Alexia Beaujeux : Sans prétendre vous en donner une définition digne du Larousse, je dirais que l’agro-écologie est une approche de l’activité agricole, qui vise à allier, à l’échelle d’une exploitation agricole, des ambitions productives – pour ne serait-ce que répondre aux besoins alimentaires de la population – et de préservation de l’environnement et de la biodiversité, l’enjeu étant aussi d’améliorer la qualité de la production.
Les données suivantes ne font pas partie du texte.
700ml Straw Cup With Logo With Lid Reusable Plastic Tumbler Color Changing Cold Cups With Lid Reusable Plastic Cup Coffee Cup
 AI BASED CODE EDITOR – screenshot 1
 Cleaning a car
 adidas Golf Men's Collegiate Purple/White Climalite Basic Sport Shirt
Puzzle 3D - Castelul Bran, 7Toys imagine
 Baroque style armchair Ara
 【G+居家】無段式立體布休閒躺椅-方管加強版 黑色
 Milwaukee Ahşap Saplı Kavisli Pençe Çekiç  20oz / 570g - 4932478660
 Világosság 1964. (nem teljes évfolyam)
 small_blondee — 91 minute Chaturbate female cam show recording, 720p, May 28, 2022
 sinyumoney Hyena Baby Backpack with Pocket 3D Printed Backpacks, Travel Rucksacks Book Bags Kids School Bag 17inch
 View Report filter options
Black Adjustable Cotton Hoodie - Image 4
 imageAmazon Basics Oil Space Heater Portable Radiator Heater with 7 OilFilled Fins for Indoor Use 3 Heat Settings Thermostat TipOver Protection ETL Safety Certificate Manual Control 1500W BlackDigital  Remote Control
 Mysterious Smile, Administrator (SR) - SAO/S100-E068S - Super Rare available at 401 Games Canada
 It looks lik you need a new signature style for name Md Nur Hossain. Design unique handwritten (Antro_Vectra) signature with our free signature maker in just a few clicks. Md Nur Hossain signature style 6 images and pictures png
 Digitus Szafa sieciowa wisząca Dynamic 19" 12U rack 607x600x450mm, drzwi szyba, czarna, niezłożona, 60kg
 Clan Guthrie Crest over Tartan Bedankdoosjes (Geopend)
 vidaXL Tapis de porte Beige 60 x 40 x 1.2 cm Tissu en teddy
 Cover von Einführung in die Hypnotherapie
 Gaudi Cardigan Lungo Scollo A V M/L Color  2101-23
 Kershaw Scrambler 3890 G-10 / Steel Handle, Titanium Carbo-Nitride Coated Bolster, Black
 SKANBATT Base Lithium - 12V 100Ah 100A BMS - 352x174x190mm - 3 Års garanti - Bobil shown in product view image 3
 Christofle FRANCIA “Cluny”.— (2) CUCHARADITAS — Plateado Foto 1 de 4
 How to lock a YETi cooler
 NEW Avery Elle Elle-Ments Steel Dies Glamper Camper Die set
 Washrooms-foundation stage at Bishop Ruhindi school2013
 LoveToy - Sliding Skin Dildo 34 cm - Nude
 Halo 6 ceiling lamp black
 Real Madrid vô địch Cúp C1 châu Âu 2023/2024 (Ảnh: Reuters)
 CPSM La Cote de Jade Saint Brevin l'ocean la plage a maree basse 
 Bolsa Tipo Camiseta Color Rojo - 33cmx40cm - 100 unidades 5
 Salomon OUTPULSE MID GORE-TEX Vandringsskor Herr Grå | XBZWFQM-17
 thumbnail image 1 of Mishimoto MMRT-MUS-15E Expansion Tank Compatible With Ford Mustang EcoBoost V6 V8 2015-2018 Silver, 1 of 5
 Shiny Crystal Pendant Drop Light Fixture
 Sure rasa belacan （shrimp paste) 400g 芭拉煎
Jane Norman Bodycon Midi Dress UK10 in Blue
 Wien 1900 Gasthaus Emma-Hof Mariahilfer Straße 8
Concrètement, elle recouvre diverses pratiques qui vont de ce qu’on appelle les « infrastructures agro-écologiques » – des éléments permanents ou semi-permanents, installés au sein ou en bordures de parcelles comme, par exemple, les haies, dont Terre et Cité encourage la restauration ou la préservation -, les bandes enherbées, les bandes fleuries, qui vont permettre d’attirer certaines espèces végétales à proximité des cultures sans s’interdire d’en réintroduire d’autres, bénéfiques à la biodiversité. L’agro-écologie inclut également des pratiques qui ont trait à la conduite cultures, par exemple des de semis qui permettent de limiter le labours comme, par exemple, les semis sous couvert, consistant à semer directement une culture ou un couvert végétal l’un après l’autre de façon à ce que les sols ne restent jamais à nu et éviter ainsi le développement d’adventices.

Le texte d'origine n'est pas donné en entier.